Come Mettere Le Luci Sull'albero
Lentamente, dolcemente, le dita si muovono. Filo sottile, verde, quasi invisibile tra i rami di abete. Un respiro profondo, un atto di silenzio, prima di iniziare. Non è semplicemente un albero che adorniamo, ma un simbolo che prepariamo, un altare domestico che consacriamo.
Ogni luce, una promessa. Una scintilla di speranza nel buio dell'inverno. Un ricordo del Vero, della Luce del Mondo che è venuta per dissipare le nostre ombre interiori. Ogni lampadina, un atto di fede.
Le mani lavorano con pazienza, guidate non dalla fretta, ma dalla contemplazione. Avvolgiamo, intrecciamo, accarezziamo ogni ramo. Un movimento ripetitivo, quasi una preghiera silenziosa.

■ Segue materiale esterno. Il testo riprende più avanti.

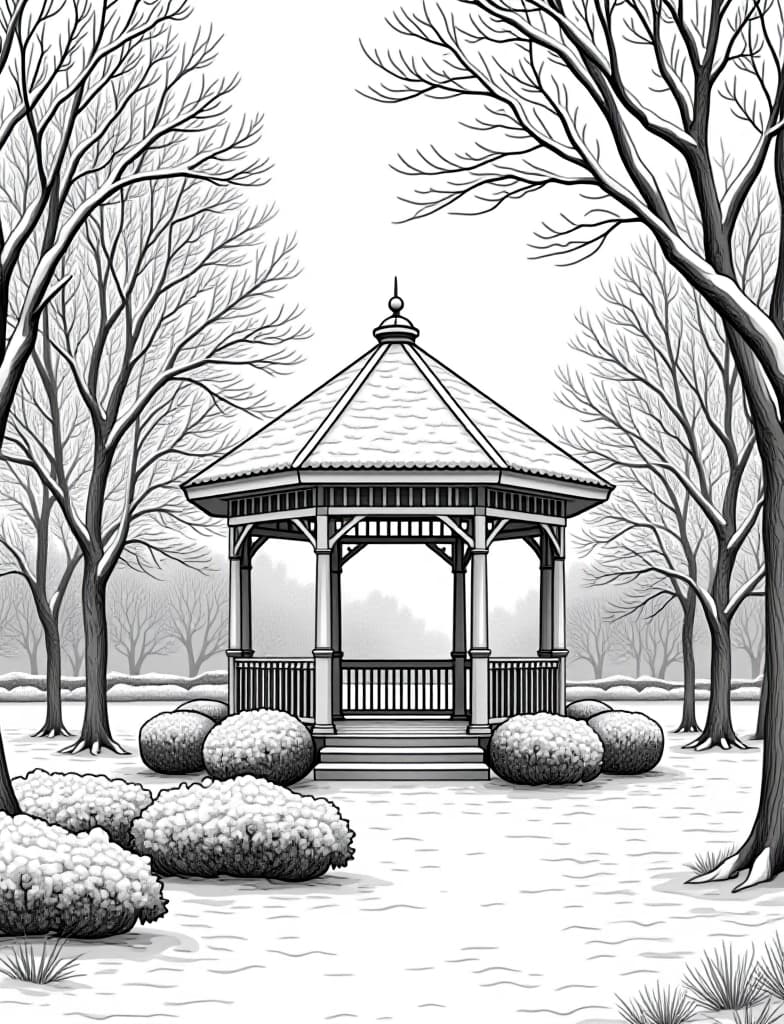  this is for an adult coloring page. a detailed black and white line art of a snowy snow covered gazebo in a winter park on a solid white background.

Un mantra di gratitudine.
Cerchiamo il punto giusto, quello dove la luce risplenderà al meglio, dove illuminerà la bellezza nascosta del verde. Non forziamo, non obblighiamo. Accompagniamo, semplicemente, assecondando la forma naturale, la disposizione divina.
Un ramo si piega sotto il peso. Ricordiamo la fragilità. La nostra e quella del mondo. La necessità di sostenerci a vicenda, di offrire il nostro aiuto con delicatezza e rispetto.
La luce si riflette negli occhi. Un sorriso si accende sul volto. Non è solo un'immagine bella, ma un riflesso dell'amore che dimora dentro di noi. Un amore che desidera manifestarsi, che anela a brillare.
Osserviamo da lontano, con un occhio critico ma benevolo. Cerchiamo gli angoli bui, le zone d'ombra. Dove la luce è meno intensa, dove la speranza sembra affievolirsi. E lì, con cura, aggiungiamo un'altra scintilla.
È un lavoro che richiede tempo, dedizione. Ma non è un peso, ma una gioia. Un'opportunità per rallentare, per meditare, per connetterci con il Divino che è in noi e intorno a noi.
Ogni filo, una connessione. Tra noi e l'albero, tra noi e la tradizione, tra noi e la nostra anima. Un legame invisibile, ma potente, che ci ricorda la nostra appartenenza a qualcosa di più grande.
Quando la prima luce si accende, un sospiro di sollievo. La stanza si riempie di un'aura calda, accogliente. Un'atmosfera di pace e di serenità.
Non è solo un albero illuminato, ma uno spazio sacro. Un luogo dove possiamo ritirarci, pregare, riflettere. Un simbolo della speranza che rinasce, della promessa di un futuro migliore.
Le mani si fermano. Gli occhi contemplano. Il cuore si riempie di gratitudine. Per la bellezza che ci circonda, per la grazia che ci sostiene, per l'amore che ci guida.
E in questo momento di silenzio, sentiamo la presenza di Dio. Un sussurro leggero, una carezza delicata. Una promessa di protezione e di amore eterno.
L'albero è pronto. Adesso è nostro compito vivere con umiltà, gratitudine e compassione. Diffondere la luce che abbiamo ricevuto, condividere la gioia che abbiamo sperimentato.
Che ogni luce sia un promemoria costante del nostro impegno a seguire le orme di Cristo. A essere strumenti di pace, di speranza, di amore nel mondo.
Che la luce dell'albero illumini non solo la nostra casa, ma anche i nostri cuori. Che ci guidi nel cammino della fede, che ci sostenga nelle difficoltà, che ci conduca alla vita eterna.
Così sia. Nella luce, con amore, in eternità.